In his remarks introducing the bill, Lieberman stated that “the internet” was “under constant attack” putting “our economic security, national security and public safety … at risk from new kinds of enemies — cyber-warriors, cyber-spies, cyber-terrorists and cyber-criminals.”
Co-Sponsor, Senator Susan Collins, raised the specter of a “cyber 9/11” and stated that “our enemies have identified cyber space as an ideal 21st century battlefield” and “could cause billions of dollars in damage and put thousands of lives in jeopardy.”
Just as no one disputes the legitimacy of detecting and arresting spies, no one disputes the legitimacy of taking internal, technical steps to prevent hacking or subterfuge of the internet’s infrastructure. But those reasonable and limited steps are not what the bill is about.
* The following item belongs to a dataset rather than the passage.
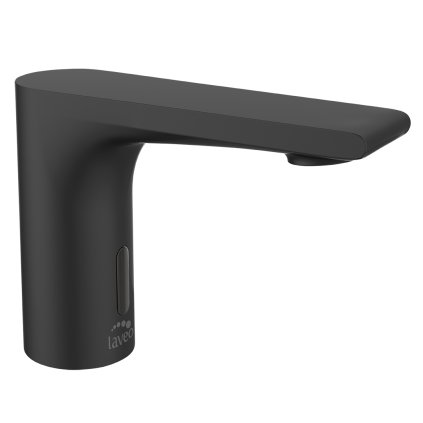 Laveo Plato, robinet pentru chiuvetă fără atingere cu control extern al temperaturii, independent, negru, LAV-BLY_724D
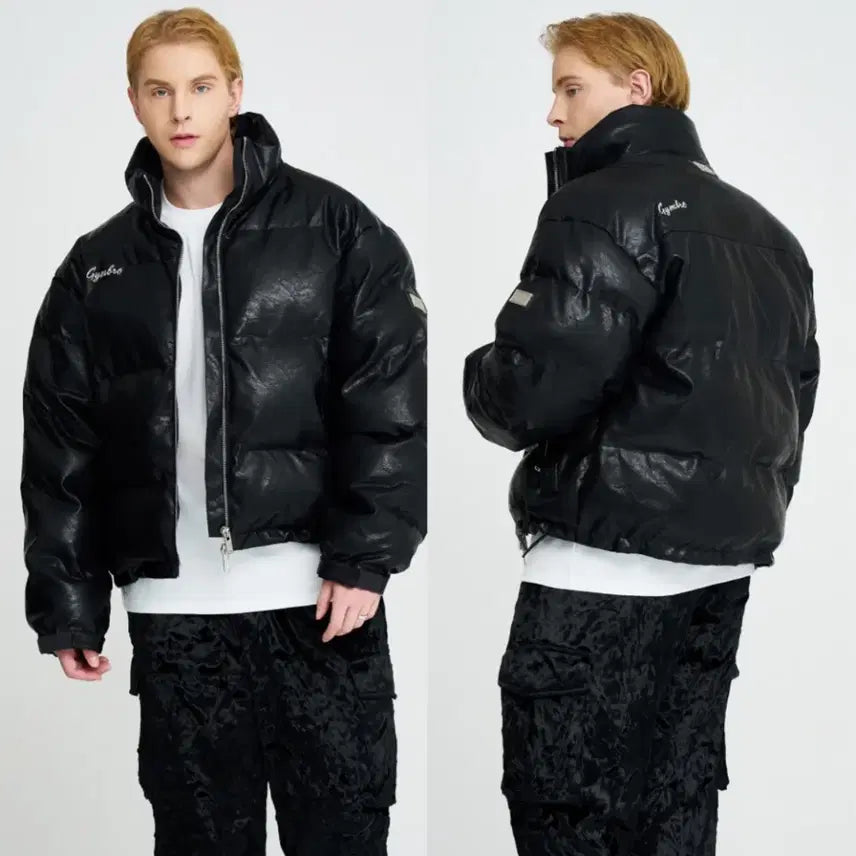 [BUNJANG] ZimBro Heavy Leather Short Padded Jacket / (네고가능) 짐브로 헤비레더 숏패딩 새상품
The Lieberman/Collins Bill was none other than a legislative implementation of the “Cyber War” strategies set out in the infamous policy paper of the neocon Project for a New American Century, entitled Rebuilding America’s Defenses: Strategy, Forces and Resources for a New Century (September 2000). One of the paper’s proposed, core “defense” strategies was “Control of the new ‘international commons’ of space and cyberspace.” (Rebuilding &c., p. v.)
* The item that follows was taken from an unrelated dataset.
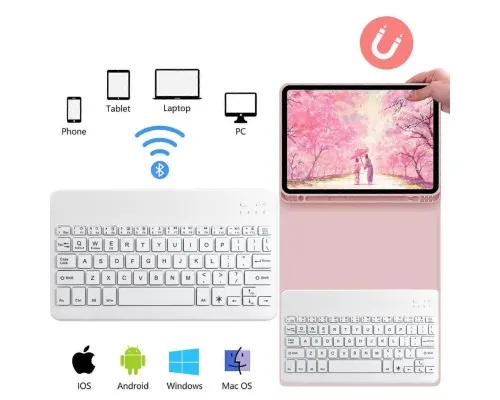Чохол до планшета BeCover with keyboard Apple iPad Pro 13" M4 2024 Pink (713006)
“Over the next several decades,” the paper stated, “the United States must … divine ways to control the new ‘international commons’ of space and cyberspace, …” (Id., p. 7.) This would be “key to world power in the future [since] an America incapable of protecting its interests or that of its allies in space or the infosphere will find it difficult to exert global political leadership.” (Id., at p. 51.) The policy paper concluded its thoughts with a Strangelovian drool that “[t]aken together, the prospects for space war or ‘cyberspace war’ represent the truly revolutionary potential inherent in the notion of military transformation.” (Id., p. 57.)
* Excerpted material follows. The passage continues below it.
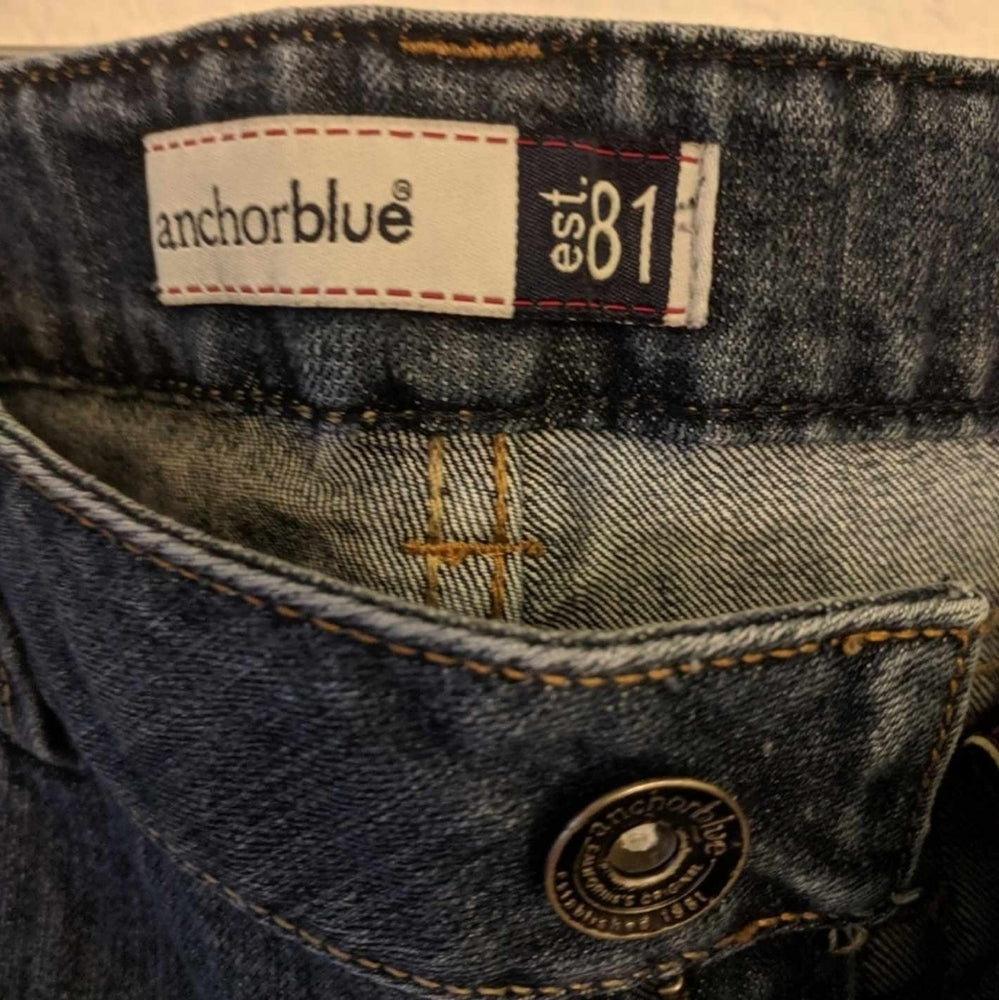 Anchor Blue Dark Wash Straight Leg Jeans - Sac's Main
It also represents a truly revolutionary constitutional transformation.
The sudden barrage of DNS attacks on WikiLeak portals speaks, with cynical irony, for itself. The arrest of Julian Assange on flimsy sexual charges goes to show the length to which the United States Government is prepared to hound and prosecute those who have offended its impunity. But even more than the persecution of Assange under a tissue of law, is the clear and imminent danger of irreparable harm to constitutional liberty.
Americans should not ignore what is slithering beneath purview in the tall legal grass. Laws against sedition whether National Socialist or Patriotically American are always framed so as to outlaw vague and speculative risks, dangers and tendencies in the name on national safety.
But liberty, said James Madison, is like air. One would no sooner abolish oxygen because it gives life to fire than one would abolish freedom because it may be abused. (Federalist Paper No. 10.) Rather than reinforce the courage required to live in a free world, tyrants of whatever stripe prey on fear.
Neither should Americans repose in confidence that the Supreme Court will protect their freedoms. As Justice Douglas wrote in Brandenburg the Court’s track record in sedition cases had shown little inclination to value liberty over threats or inconveniences to security or the statu quo.
The imposition of sanctions, whether formal or informal, against the dissemination of allegedly harmful information is the cornerstone on which State control of expression and opinion is erected. The securitization of social intercourse whether on the green or in cyberspace is civic death.